B-one is right with the budget thing, and the remote thing. Most of us would probably overlook a bad remote or GUI, if a tv had good enough pic quality. But there are plenty who would just as easily take a step down in picture if the set is easier to navigate. 
Tvs are like speakers in their subjective nature. 
Personally I would still try to find a plasma. There are still (IMO) not that many LED backlit tvs that can deliver the same picture. I can't stand the look of 120/240hz displays. All I see is a soap opera effect. Some don't see it/don't mind it, even like it. If you want good black levels, I would say look for a local dimming set. Perimeter lit LEDs can suffer from uniformity issues, and tend to wash out blacks since individual pixels can't go totally black like plasma cells, some light bleeds through. That's where local dimming comes in. They can shut of groups of LEDs behind parts of screen that are showing the dark part of an image. They are more expensive.


----------



## RTS100x5 (Sep 12, 2009)

kat.hayes said:


> I’m considering a 60—65inch 1080 LED/LCD
> The display will be used in a room that gets natural light, and some of it can be controlled with blinds.
> 
> The display will be used for DirecTV, Blu Ray, and light video games, I’m not too concerned about “Smart” features, I’m currently using an AppleTV.
> ...


Ive sold and installed several of these SONY's... They are an EXcellent picture quality without breaking the bank

Its the KDL 65W850 A Which is a 2013 model on sale at the Best store for $1699... 

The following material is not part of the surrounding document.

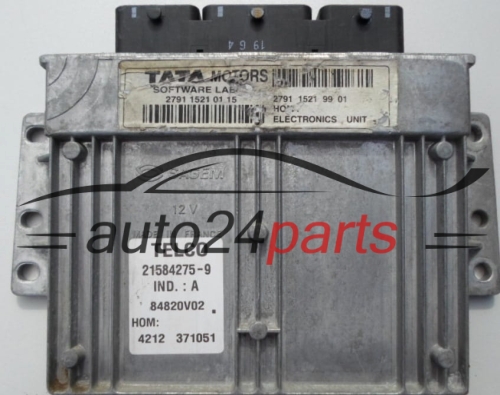 Μονάδα Ελέγχου Κινητήρα TATA 1.4 Sagem 21584275-9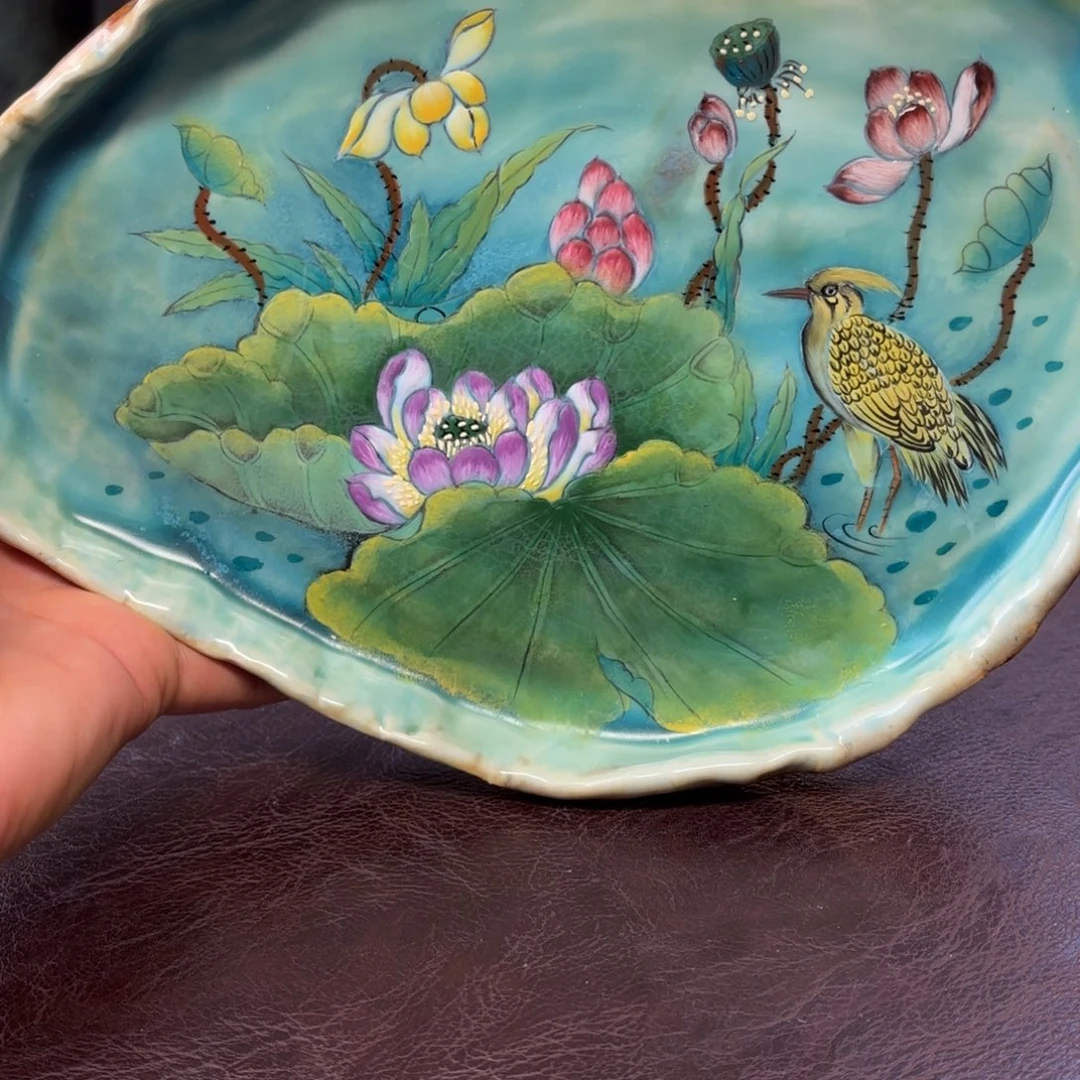 景德镇纯手工制作工艺陶瓷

The 2014 models are a significant downgrade in quality IMO - different screen and ridiculous wedge shape.... SO do not get the B models....


----------



## mvision7m (Feb 9, 2013)

kat.hayes said:


> I&#146;m considering a 60&#151;65inch 1080 LED/LCD The display will be used in a room that gets natural light, and some of it can be controlled with blinds. The display will be used for DirecTV, Blu Ray, and light video games, I&#146;m not too concerned about &#147;Smart&#148; features, I&#146;m currently using an AppleTV. I think I would have bought a Panasonic plasma if they were still readily available. With that said, can anyone please give me some general advice/recommendation on what to look for in a 60&#151;65inch 1080 LED/LCD? What refresh rate, feature list, etc. for good visual quality? Thanks in advance!!!!


It's a shame you missed out on owning a Panasonic plasma. If you were willing to work a little and looked hard enough, you may still find a few ST60s or even VT60s (if you don't mind paying a little bit of a premium due to scarcity). I own a VT30 and a ZT60 and love them both. The ZT60 especially has all of the right qualities that have earned it it's excellent performance reputation. 

Some of us are video purists (to the extent we each can be) and go in for things like native contrast ratio, black level performance (which is part of a set's overall contrast prowess), color reproduction, motion handling (24Hz/1080p) and it's ability to be fully ISF calibrated by a pro with the proper equipment. 

Others don't care as much about some or all of those criteria and buy what looks good to them in the store while they're out shopping/comparing and are perfectly happy with their choice thereafter. 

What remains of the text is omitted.